Envisioned by Adolf Hitler in the thirties as part of his plan to redevelop Berlin into Germania—a regimented, neo-classical world-capital—the airport was designed by Earnst Sagebiel and completed in 1941 under the direction of head Nazi architect Albert Speer. With a sweeping semi-circular form meant to evoke an eagle in flight, the building is in many ways typical of heavy-handed fascist German architecture. Thin rectangular windows elegantly cascade along the walls of the terminal hall, a gesture that recalls the elongated light beams used by Speer in his Cathedral of Light at Nazi Party rallies in Nuremberg. Crowds exceeding one million likewise gathered at Tempelhof to hear Hitler speak.
But Tempelhof’s Nazi origins were quickly reimagined when World War II ended. Just four years after the airport’s completion by Sagebiel and Speer, the airport was taken over by American troops who, in 1949, brought food and supplies to the besieged West Berlin, landing at Tempelhof during the Berlin Airlift. This era of the airport’s history is most fondly remembered by area residents who gathered just outside of Tempelhof as children to catch handkerchief packages of chocolate and raisins dropped from incoming American aircraft.
By the sixties, the airport had reached its commercial heyday. Departing from a similarly ostentatious structure like Eero Saarinen’s TWA Terminal at the John F. Kennedy Airport in New York, travelers would be transported to a different era of architectural history when they landed at Tempelhof.

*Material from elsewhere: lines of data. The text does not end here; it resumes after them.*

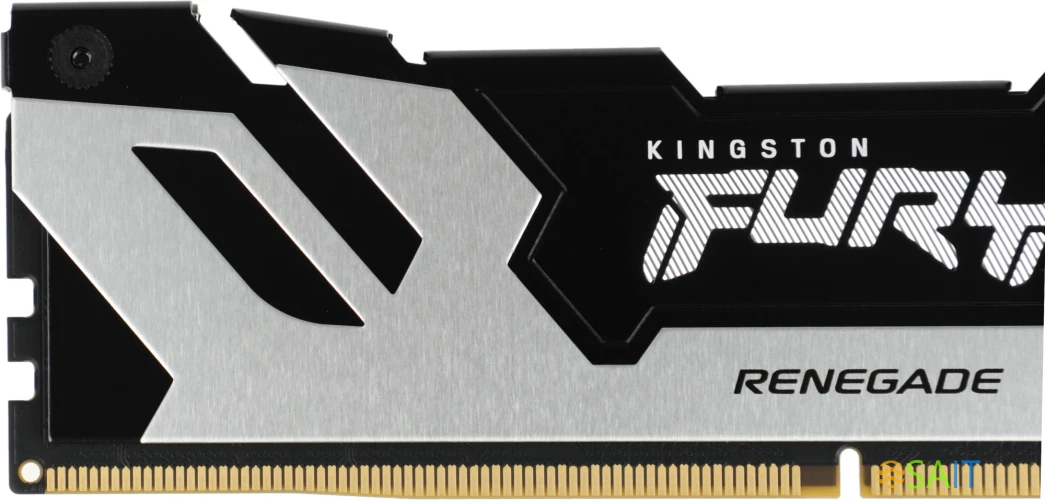 Память DDR5 2x16GB 7200MHz Kingston KF572C38RSK2-32 Fury Renegade Silver XMP RTL Gaming PC5-57600 CL38 DIMM 288-pin 1.45В kit single rank с радиатором Ret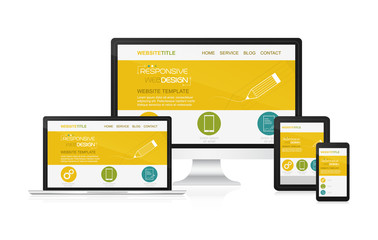 Wall Mural - responsive commerce web design.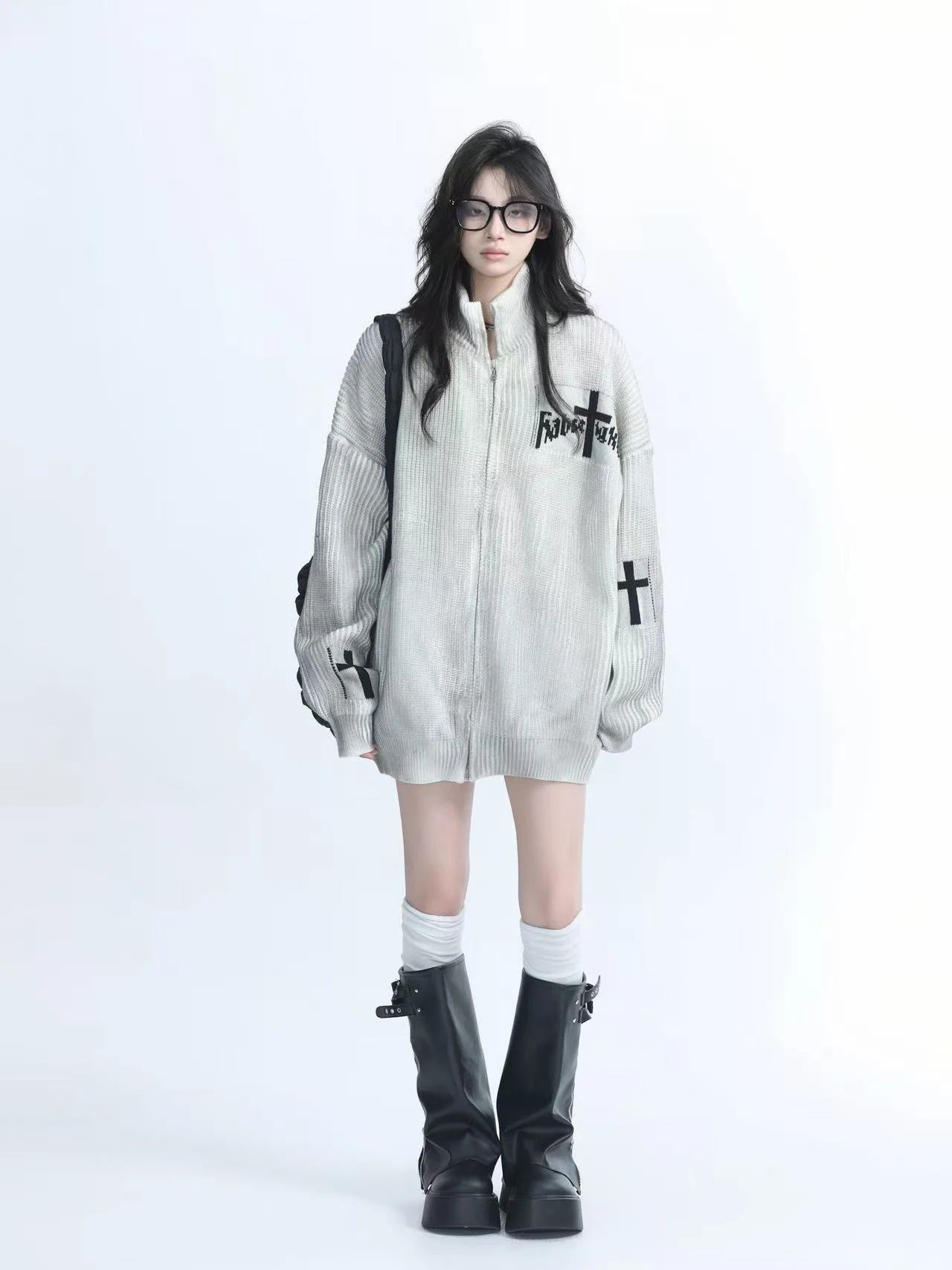 Faux Layered Fur Collar Jacket  OL1963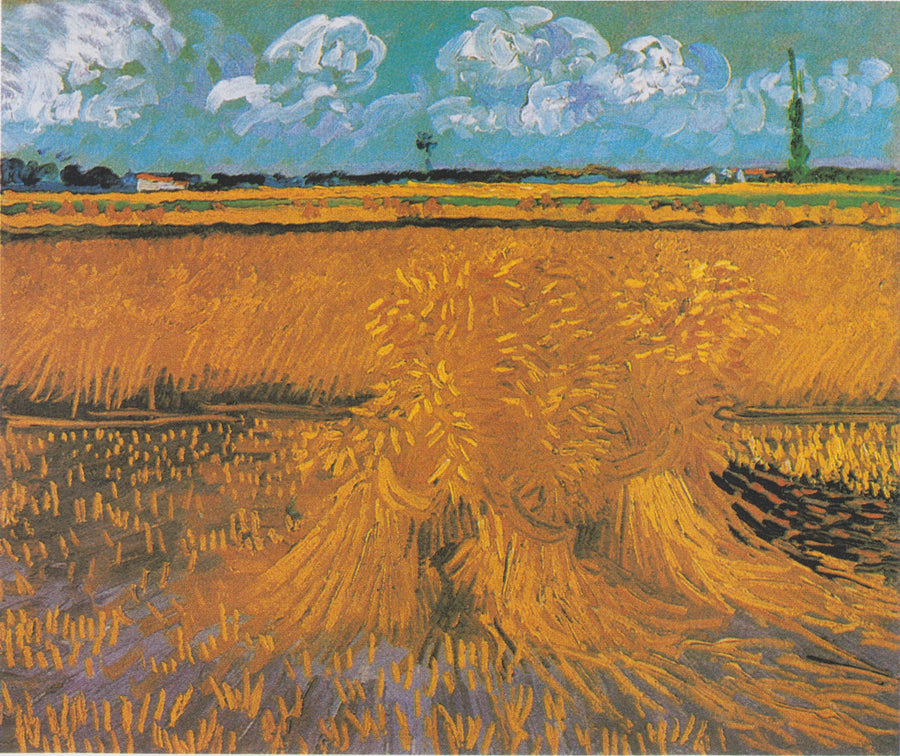 Champ de blé avec gerbes, F561 – Van Gogh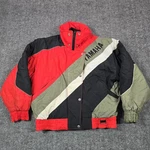 Vintage Yamaha Sportswear Jacket Womens Medium Multicolor Bomber Motorcycle. Fixed Price $60.29.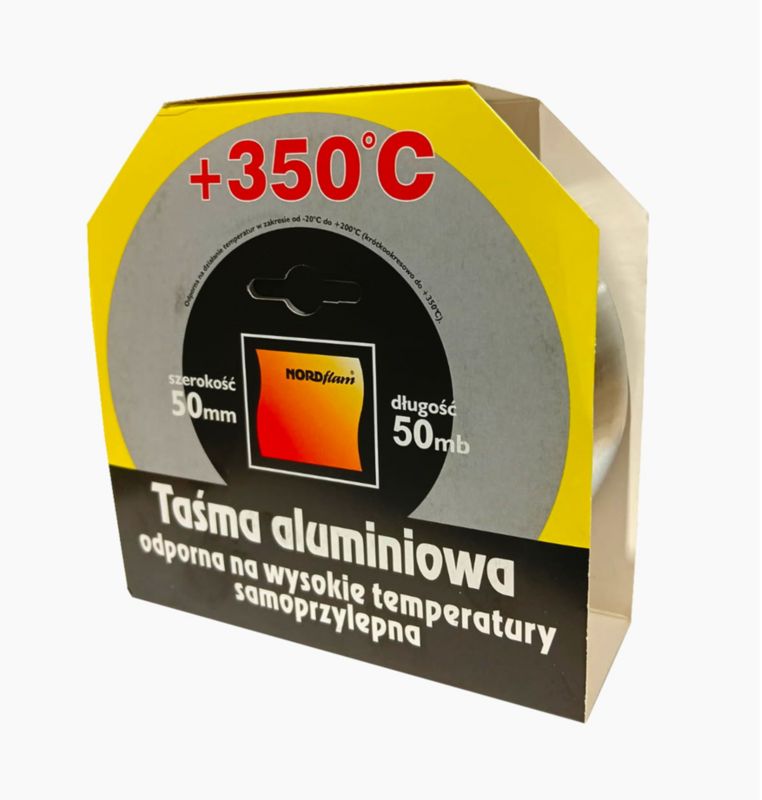 Taśma aluminiowa NORDflam 50 mm 350°C 50 mb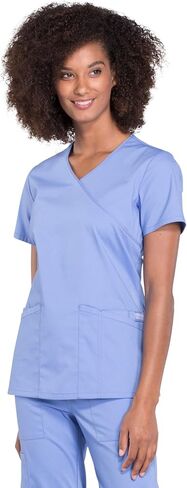 Cherokee Women Scrubs Top Workwear Professionals Mock Wrap WW655 in Kuwait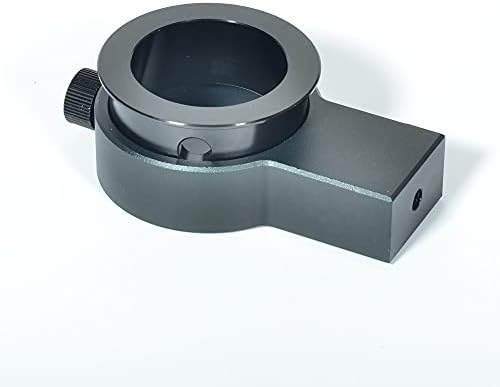 JF-XUAN 50mm Halka Adaptörü ve Mikroskop Masa Standı için 50-40mm Adaptör (Siyah renk)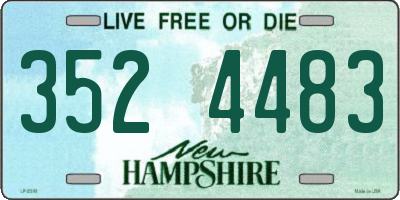 NH license plate 3524483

Captivated by the scale and precision of the space, Norman Foster called it “the mother of all airports.”
Tempelhof ceased its airport operations and closed to the public in 2008. For some, the site’s desolation was an appropriate way to mark the failure of Hitler’s envisioned, but never-fully-executed, Germania. But to others, finding a creative way to reuse the space felt much more appropriate than leaving the airport and its airfield closed-off in the heart of the city. In 2009, the city government began to redevelop the airfield as a massive public park, now beloved by Berliners who escape from dense living quarters to run, rollerblade, and barbeque in the converted space.

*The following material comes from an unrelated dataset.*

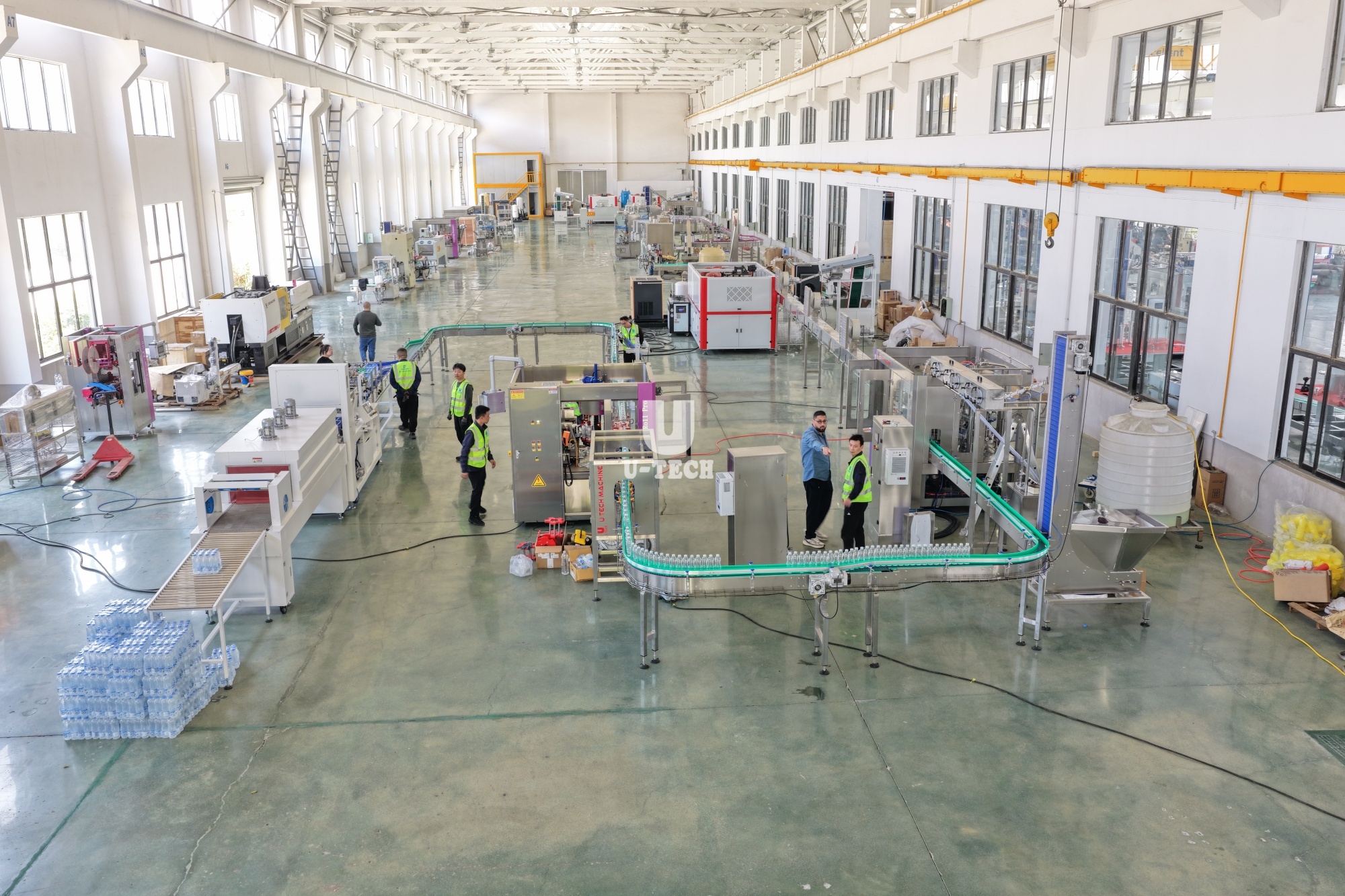 Palestinian Customers Accepted The 5000BPH Water Filling Line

For many citizens, though, the expanse of land continued to engender fear of inequitable redevelopment—a private investor could scoop it up at any second to build luxury apartments (and many tried to). Even plans from the city to build much-needed affordable housing were met with suspicion; as John Riceburg wrote in Exberliner magazine, “this government hasn't built a single social apartment for 10 years—are they going to start right when park-side real estate opens up?”
For now, the airfield continues to be used as a park, as decided by citizens in a 2014 referendum—a remarkable accomplishment in an age when architecture for the elite has consistently trumped the preservation of urban character. The airport itself has also, in its own way, been reclaimed. Through the city’s Tempelhof Projekt, 1,200 refugees mostly from Syria, Iraq, and Afghanistan were housed in two of the airport’s former hangars beginning in 2015. Sleeping on bunk beds partitioned into rooms by white dividers, refugees make their temporary home in the airport that served as the background to so much of Berlin’s history, now perhaps ringing in a new chapter.
Roughly 400 refugees remain in Tempelhof today, and public access to the park has continued. Living conditions in Tempelhof should not be romanticized; the airport was never intended to be inhabited, and the sounds and smells alone of hundreds of people living in such close quarters are frustrating and upsetting to occupants of the camp. In times of crisis, however—from the Berlin Airlift to the 2015 Refugee Crisis—the expansive space built with fascist intent has been reclaimed for humanitarian purposes. As adaptive reuse has morphed into a trendy strain of architecture (think churches and schools converted into high-end apartments) buildings like Tempelhof airport remind us of a different kind of adaptive reuse; one that is organic, and at times, even redemptive.